··· Recorded information
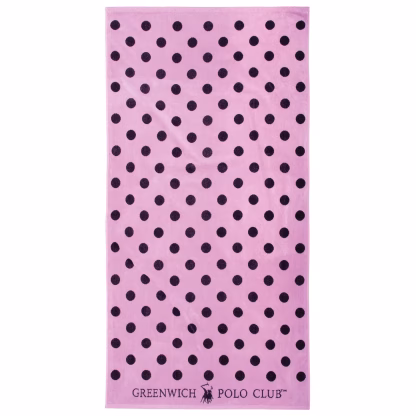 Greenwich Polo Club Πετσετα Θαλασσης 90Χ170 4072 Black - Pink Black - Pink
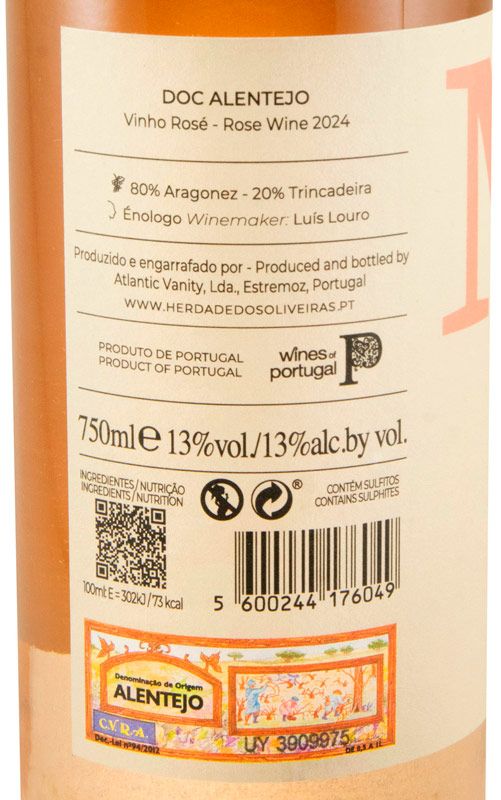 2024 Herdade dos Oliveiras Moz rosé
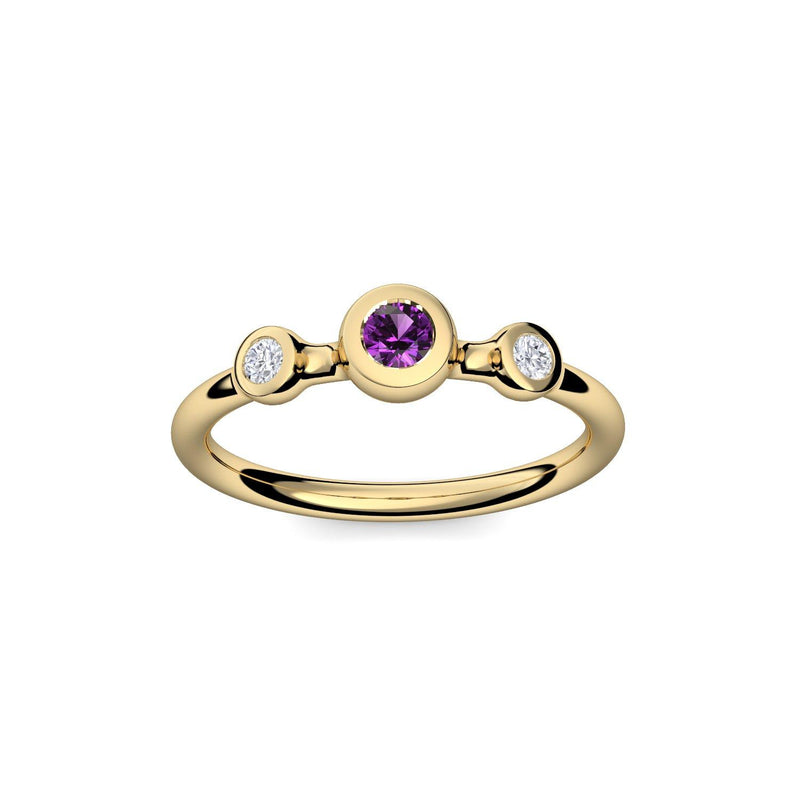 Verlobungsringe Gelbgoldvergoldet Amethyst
······
··· Recorded information
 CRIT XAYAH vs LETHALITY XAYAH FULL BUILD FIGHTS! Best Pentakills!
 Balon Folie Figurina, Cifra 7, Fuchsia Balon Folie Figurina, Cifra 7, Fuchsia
······
Each line above from the one containing "2024 Herdade dos Oliveiras Moz rosé" through the one containing "Verlobungsringe Gelbgoldvergoldet Amethyst" is to be returned verbatim. Nothing else, and no pictures.

- [Exercise response]:
 2024 Herdade dos Oliveiras Moz rosé
 Verlobungsringe Gelbgoldvergoldet Amethyst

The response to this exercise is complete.